Internado em instituições francesas para doentes mentais, Van Gogh “traduziu” a obra do desenhista japonês Hiroshige, buscando a cura na calma que percebia na cultura oriental
Christian Ingo Lenz Dunker
Por volta de 1870 o pintor impressionista holandês Vincent van Gogh (1853-1890) ficou fascinado pelas estampas do desenhista japonês Hiroshige (1797-1858). A perfeição das obras era obtida por meio de uma máquina óptica, que permitia inundar a imagem com detalhes de pessoas, animais e cenas da vida cotidiana – um método precursor do que hoje conhecemos como mangá. Podemos pensar também na máquina óptica que Lacan usou como modelo para sua reinterpretação do conceito freudiano de narcisismo. As 36 vistas do Monte Fuji e as
53 etapas da viagem a Tokaido são séries de desenhos que retratam a complexidade das viagens em caravana – mas causam a sensação de que estamos diante de algo profundamente artificial, construído apenas para o deleite do olhar. Na estamparia japonesa, fator decisivo é a aparência e não a estética. A ilustração é um suporte para a meditação do sujeito que deve, ativamente, “fazer a viagem” dispondo, para tanto, de todo o material necessário para a reconstrução desta experiência coletiva.
O que encontramos em Van Gogh é quase o oposto disso. O impacto das cores, a deformação dos traços e a indefinição das figuras impõem uma experiência invasiva, que nos faz ver e sentir o que não está ali, nem disponível nem bem descrito.
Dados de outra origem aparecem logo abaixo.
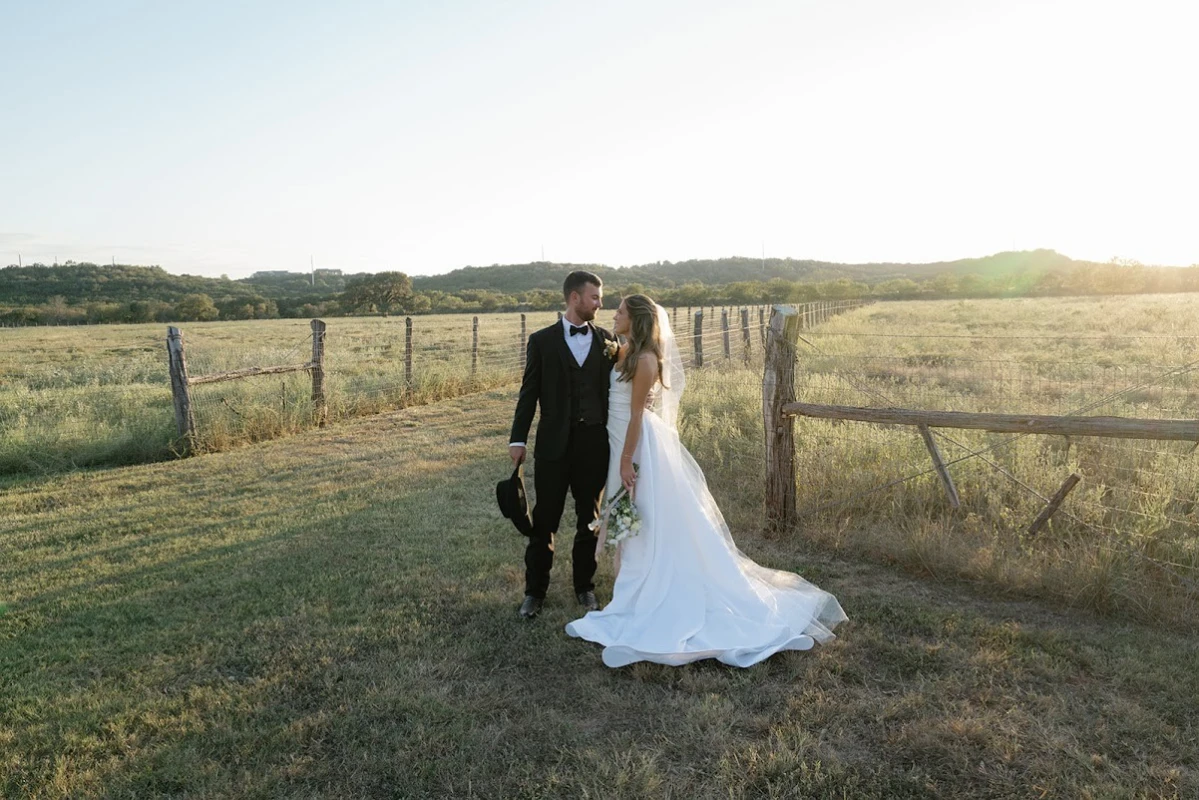 A Rustic Wedding for Anna and Cade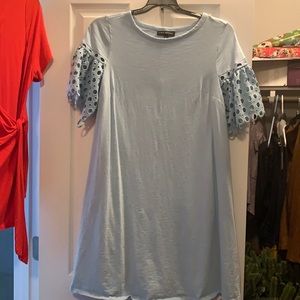 Baby blue T-shirt dress w lace sleeves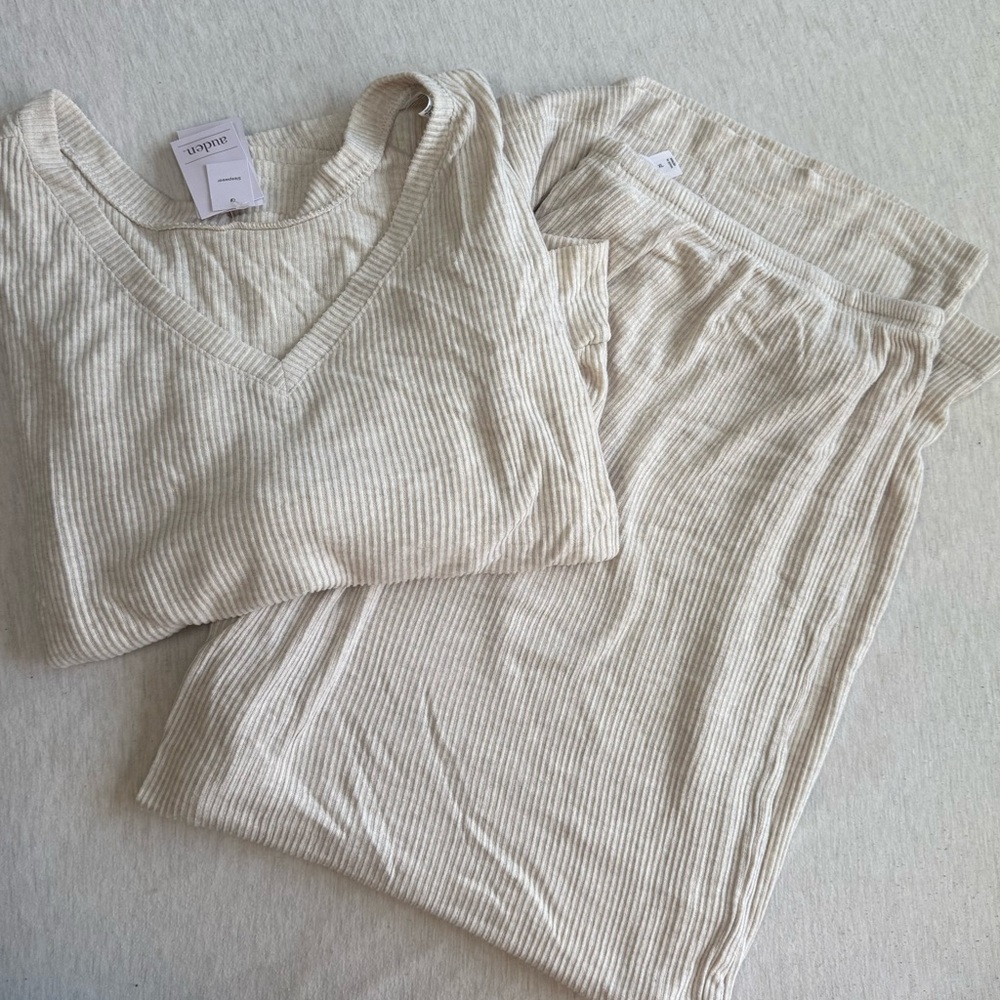 Auden Ribbed V-Neck Pajama Set in Cream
Somos levados a uma sensação de receptividade, no interior da qual gradualmente nos apossamos do que a “coisa estética” nos obrigou a sentir, dando a ela um destino que nos seria próprio e livre. Ou seja, no primeiro caso podemos “nos servir” da imagem como um meio; no segundo, temos de “nos apropriar”, tomar posse, possuir. No primeiro caso a forma subjuga a cor, no segundo se dá o contrário.
Quando Van Gogh pinta campos, carroças e botas de viagem ele não inventa apenas o “seu Japão”, mas cria outro Ocidente, introduz um novo objeto no real. Hiroshige, ao contrário, não está muito preocupado com sua própria dimensão de objeto. As sagas representadas em sua obra se voltam para o Outro real que vai viver a experiência da viagem, tomando a si mesma como mero equipamento. A Pinacoteca de Paris montou uma exposição cruzada na qual se pode ver como as estampas de Hiroshige foram “traduzidas” por Van Gogh. Nos asilos de Arles ou Saint Rémy, nos quais se internava voluntariamente, ele vivia sua cura como a possibilidade de reencontro da calma e da espontaneidade que percebera no modo de vida oriental. Esta relação, quase terapêutica, que Van Gogh viu entre forma e cor talvez nos ajude a entender algumas variações de nossa atitude diante das imagens. Hiroshige, nascido em uma família de samurais, apresentava inquietude com o excesso de “orientalismo” da pintura tradicional japonesa. Órfão desde a infância, tinha também o seu fascínio, justamente pelo senso de perspectiva ocidental, que veio a introduzir em suas estampas, recriando assim o gênero do Edo. De tal maneira, quando Van Gogh se vê atraído pelo olhar oriental, não estaria ele sendo atraído pela atração que seu próprio olhar "ocidental” causava ao Oriente? Ou, ao contrário, o que Van Gogh reconhecia em Hiroshige era uma experiência de inadequação da interação entre forma e cor, como a sua, mas não pelos mesmos motivos?